Character. Path to the environment file containing paths to data sources. Defaults to .env.

r_environ

Character. Path to .Renviron file with GBIF credentials (GBIF_EMAIL, GBIF_USER, GBIF_PWD). Default: ".Renviron". The credentials must be in the format:

  • GBIF_EMAIL=your_email

  • GBIF_USER=your_username

  • GBIF_PWD=your_password

n_cores

Integer. Number of CPU cores to use for parallel processing. Default: 6.

strategy

Character. The parallel processing strategy to use. Valid options are "sequential", "multisession" (default), "multicore", and "cluster". See future::plan() and ecokit::set_parallel() for details.

request

Logical. If TRUE (default), requests GBIF data; otherwise, loads from disk.

download

Logical. If TRUE (default), downloads and saves GBIF data.

split_chunks

Logical. If TRUE (default), splits data into chunks for easier processing.

overwrite

Logical. If TRUE, reprocesses existing .RData chunks. Default: FALSE. This helps to continue working on previously processed chunks if the previous try failed, e.g. due to memory issue.

delete_chunks

Logical. If TRUE (default), deletes chunk files.

chunk_size

Integer. Records per data chunk. Default: 50000.

boundaries

Numeric vector (length 4). GBIF data bounds (Left, Right, Bottom, Top). Default: c(-30, 50, 25, 75).

start_year

Integer. Earliest collection year to be included. Default is 1981.

chunk_file

Character. Path of chunk file for processing.

max_uncertainty

Numeric. Maximum spatial uncertainty in kilometres. Default: 10.

save_RData

Logical. If TRUE (default), saves chunk data as .RData.

return_data

If TRUE, returns chunk data; otherwise, invisible(NULL). Default: FALSE.

species

Character. Species name for processing.

verbose

Logical. If TRUE (default), prints progress messages.

plot_tag

Character. Tag for plot titles.

Note

Relies on a static RDS file listing IAS species, GBIF keys, and metadata, standardized by Marina Golivets (Feb 2024).

Functions details

  • GBIF_process(): Orchestrates GBIF data requests, downloads, processing, and mapping. Saves RData, Excel, and JPEG summary files.

  • GBIF_download(): Requests and downloads GBIF data (if download = TRUE), using the specified criteria (taxa, coordinates, time period, and boundaries), splits into small chunks (if split_chunks = TRUE), and saves metadata.
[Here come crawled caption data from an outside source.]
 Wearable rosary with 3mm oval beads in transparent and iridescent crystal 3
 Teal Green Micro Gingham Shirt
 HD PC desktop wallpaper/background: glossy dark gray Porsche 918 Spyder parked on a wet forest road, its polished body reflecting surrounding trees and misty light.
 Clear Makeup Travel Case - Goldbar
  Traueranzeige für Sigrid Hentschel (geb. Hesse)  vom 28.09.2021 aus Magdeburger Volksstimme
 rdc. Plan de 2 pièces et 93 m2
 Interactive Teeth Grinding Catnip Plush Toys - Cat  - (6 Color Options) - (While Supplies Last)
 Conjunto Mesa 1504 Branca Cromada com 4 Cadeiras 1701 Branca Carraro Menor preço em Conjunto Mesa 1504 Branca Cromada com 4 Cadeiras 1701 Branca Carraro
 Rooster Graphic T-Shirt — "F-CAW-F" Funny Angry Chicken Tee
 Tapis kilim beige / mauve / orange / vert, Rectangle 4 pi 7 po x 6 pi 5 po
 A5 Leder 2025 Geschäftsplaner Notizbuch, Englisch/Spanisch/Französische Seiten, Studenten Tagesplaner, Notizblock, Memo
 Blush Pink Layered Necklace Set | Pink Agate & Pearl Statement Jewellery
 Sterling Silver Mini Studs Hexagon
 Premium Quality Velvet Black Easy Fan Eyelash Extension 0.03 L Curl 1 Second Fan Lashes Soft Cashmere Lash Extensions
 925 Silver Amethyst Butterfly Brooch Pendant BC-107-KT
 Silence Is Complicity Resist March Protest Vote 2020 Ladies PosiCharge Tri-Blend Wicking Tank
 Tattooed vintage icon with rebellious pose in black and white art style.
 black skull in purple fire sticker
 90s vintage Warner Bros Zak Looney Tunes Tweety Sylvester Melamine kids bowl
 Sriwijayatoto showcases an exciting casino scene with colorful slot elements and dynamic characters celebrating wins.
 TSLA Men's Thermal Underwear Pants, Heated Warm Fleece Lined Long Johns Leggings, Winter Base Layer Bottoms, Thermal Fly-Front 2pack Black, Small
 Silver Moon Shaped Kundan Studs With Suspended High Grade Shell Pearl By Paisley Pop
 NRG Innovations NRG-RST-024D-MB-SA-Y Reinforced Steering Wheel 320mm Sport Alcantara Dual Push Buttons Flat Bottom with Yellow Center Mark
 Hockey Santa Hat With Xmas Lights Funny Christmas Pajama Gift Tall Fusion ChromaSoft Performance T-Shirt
Returns invisible(NULL).

  • GBIF_read_chunk(): Filters chunk data (spatial/temporal, e.g., spatial uncertainty, collection year, coordinate precision, and taxonomic rank), select relevant columns, and saves as .RData (if save_RData = TRUE) or returns it (if return_data = TRUE). Skips if .RData exists and overwrite = FALSE.

  • GBIF_species_data(): Converts species-specific data to sf and raster formats, generating distribution maps.

Author

Ahmed El-Gabbas